Definition
The Big-O notation is at its heart a mathematical notation, used to compare the rate of convergence of functions. Let n -> f(n)
and n -> g(n)
be functions defined over the natural numbers. Then we say that f = O(g)
if and only if f(n)/g(n)
is bounded when n approaches infinity. In other words, f = O(g)
if and only if there exists a constant A, such that for all n, f(n)/g(n) <= A
.
Actually the scope of the Big-O notation is a bit wider in mathematics but for simplicity I have narrowed it to what is used in algorithm complexity analysis : functions defined on the naturals, that have non-zero values, and the case of n growing to infinity.
What does it mean ?
Let's take the case of f(n) = 100n^2 + 10n + 1
and g(n) = n^2
. It is quite clear that both of these functions tend to infinity as n tends to infinity. But sometimes knowing the limit is not enough, and we also want to know the speed at which the functions approach their limit. Notions like Big-O help compare and classify functions by their speed of convergence.
Let's find out if f = O(g)
by applying the definition. We have f(n)/g(n) = 100 + 10/n + 1/n^2
. Since 10/n
is 10 when n is 1 and is decreasing, and since 1/n^2
is 1 when n is 1 and is also decreasing, we have ̀f(n)/g(n) <= 100 + 10 + 1 = 111
. The definition is satisfied because we have found a bound of f(n)/g(n)
(111) and so f = O(g)
(we say that f is a Big-O of n^2
).
This means that f tends to infinity at approximately the same speed as g. Now this may seem like a strange thing to say, because what we have found is that f is at most 111 times bigger than g, or in other words when g grows by 1, f grows by at most 111. It may seem that growing 111 times faster is not "approximately the same speed". And indeed the Big-O notation is not a very precise way to classify function convergence speed, which is why in mathematics we use the equivalence relationship when we want a precise estimation of speed. But for the purposes of separating algorithms in large speed classes, Big-O is enough. We don't need to separate functions that grow a fixed number of times faster than each other, but only functions that grow infinitely faster than each other. For instance if we take h(n) = n^2*log(n)
, we see that h(n)/g(n) = log(n)
which tends to infinity with n so h is not O(n^2), because h grows infinitely faster than n^2.
Now I need to make a side note : you might have noticed that if f = O(g)
and g = O(h)
, then f = O(h)
. For instance in our case, we have f = O(n^3)
, and f = O(n^4)
... In algorithm complexity analysis, we frequently say f = O(g)
to mean that f = O(g)
and g = O(f)
, which can be understood as "g is the smallest Big-O for f". In mathematics we say that such functions are Big-Thetas of each other.
How is it used ?
When comparing algorithm performance, we are interested in the number of operations that an algorithm performs. This is called time complexity. In this model, we consider that each basic operation (addition, multiplication, comparison, assignment, etc.) takes a fixed amount of time, and we count the number of such operations.
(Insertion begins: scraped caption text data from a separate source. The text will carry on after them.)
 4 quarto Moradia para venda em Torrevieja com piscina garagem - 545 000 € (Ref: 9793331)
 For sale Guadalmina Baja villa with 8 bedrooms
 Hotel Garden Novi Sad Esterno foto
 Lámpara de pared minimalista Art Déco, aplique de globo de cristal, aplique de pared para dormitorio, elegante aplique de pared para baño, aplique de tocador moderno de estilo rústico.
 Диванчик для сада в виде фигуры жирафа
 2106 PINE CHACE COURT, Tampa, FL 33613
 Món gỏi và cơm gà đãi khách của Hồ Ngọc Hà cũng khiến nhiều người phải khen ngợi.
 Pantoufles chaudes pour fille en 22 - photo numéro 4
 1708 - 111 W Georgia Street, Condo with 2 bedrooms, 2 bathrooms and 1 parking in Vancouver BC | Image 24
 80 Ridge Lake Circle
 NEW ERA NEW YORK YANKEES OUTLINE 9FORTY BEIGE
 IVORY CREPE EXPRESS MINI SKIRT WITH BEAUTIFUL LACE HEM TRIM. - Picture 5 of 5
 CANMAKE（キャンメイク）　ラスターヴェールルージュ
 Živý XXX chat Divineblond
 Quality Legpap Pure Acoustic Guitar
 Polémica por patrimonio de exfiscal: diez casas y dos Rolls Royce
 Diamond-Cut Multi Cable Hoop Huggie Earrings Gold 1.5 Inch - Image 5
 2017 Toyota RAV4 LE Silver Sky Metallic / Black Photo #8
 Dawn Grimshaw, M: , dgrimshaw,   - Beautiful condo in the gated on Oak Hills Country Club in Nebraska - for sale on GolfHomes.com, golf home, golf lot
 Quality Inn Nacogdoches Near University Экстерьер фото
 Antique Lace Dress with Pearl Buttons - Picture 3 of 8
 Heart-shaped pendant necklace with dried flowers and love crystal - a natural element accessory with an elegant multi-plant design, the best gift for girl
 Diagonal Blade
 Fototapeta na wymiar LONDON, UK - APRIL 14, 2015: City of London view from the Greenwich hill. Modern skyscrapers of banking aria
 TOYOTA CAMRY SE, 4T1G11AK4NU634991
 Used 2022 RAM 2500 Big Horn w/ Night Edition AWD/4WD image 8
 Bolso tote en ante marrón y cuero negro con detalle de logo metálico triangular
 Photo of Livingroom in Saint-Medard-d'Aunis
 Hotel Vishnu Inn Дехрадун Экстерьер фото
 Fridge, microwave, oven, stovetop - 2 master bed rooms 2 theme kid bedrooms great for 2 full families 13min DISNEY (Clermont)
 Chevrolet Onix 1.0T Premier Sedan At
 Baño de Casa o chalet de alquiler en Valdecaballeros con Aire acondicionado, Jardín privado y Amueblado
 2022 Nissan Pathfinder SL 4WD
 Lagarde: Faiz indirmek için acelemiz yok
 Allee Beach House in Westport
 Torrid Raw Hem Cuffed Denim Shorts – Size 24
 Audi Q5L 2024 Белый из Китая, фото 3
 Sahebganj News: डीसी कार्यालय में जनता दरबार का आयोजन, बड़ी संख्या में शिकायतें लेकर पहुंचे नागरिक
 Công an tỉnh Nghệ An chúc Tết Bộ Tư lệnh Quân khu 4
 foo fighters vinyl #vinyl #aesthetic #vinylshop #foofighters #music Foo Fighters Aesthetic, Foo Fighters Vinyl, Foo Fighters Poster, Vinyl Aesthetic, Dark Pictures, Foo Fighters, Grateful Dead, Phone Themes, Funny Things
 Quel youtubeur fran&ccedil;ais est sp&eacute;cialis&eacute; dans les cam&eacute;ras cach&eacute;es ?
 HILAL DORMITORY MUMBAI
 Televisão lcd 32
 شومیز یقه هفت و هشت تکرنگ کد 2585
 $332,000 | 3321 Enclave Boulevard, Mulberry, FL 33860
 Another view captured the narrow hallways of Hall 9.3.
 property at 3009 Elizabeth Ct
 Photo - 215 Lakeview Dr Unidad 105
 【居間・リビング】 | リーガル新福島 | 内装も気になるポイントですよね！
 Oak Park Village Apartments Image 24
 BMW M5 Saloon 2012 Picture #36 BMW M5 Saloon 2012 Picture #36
We can usually express this number as a function of the size of the input, which we call n. And sadly, this number usually grows to infinity with n (if it doesn't, we say that the algorithm is O(1)). We separate our algorithms in big speed classes defined by Big-O : when we speak about a "O(n^2) algorithm", we mean that the number of operations it performs, expressed as a function of n, is a O(n^2). This says that our algorithm is approximately as fast as an algorithm that would do a number of operations equal to the square of the size of its input, or faster. The "or faster" part is there because I used Big-O instead of Big-Theta, but usually people will say Big-O to mean Big-Theta.
When counting operations, we usually consider the worst case: for instance if we have a loop that can run at most n times and that contains 5 operations, the number of operations we count is 5n. It is also possible to consider the average case complexity.
Quick note : a fast algorithm is one that performs few operations, so if the number of operations grows to infinity faster, then the algorithm is slower: O(n) is better than O(n^2).
We are also sometimes interested in the space complexity of our algorithm. For this we consider the number of bytes in memory occupied by the algorithm as a function of the size of the input, and use Big-O the same way.
The following function finds the maximal element in an array:
int find_max(const int *array, size_t len) {
int max = INT_MIN;
for (size_t i = 0; i < len; i++) {
if (max < array[i]) {
max = array[i];
}
}
return max;
}
The input size is the size of the array, which I called len
in the code.
Let's count the operations.
int max = INT_MIN;
size_t i = 0;
These two assignments are done only once, so that's 2 operations. The operations that are looped are:
if (max < array[i])
i++;
max = array[i]
Since there are 3 operations in the loop, and the loop is done n times, we add 3n
to our already existing 2 operations to get 3n + 2
. So our function takes 3n + 2
operations to find the max (its complexity is 3n + 2
). This is a polynomial where the fastest growing term is a factor of n, so it is O(n).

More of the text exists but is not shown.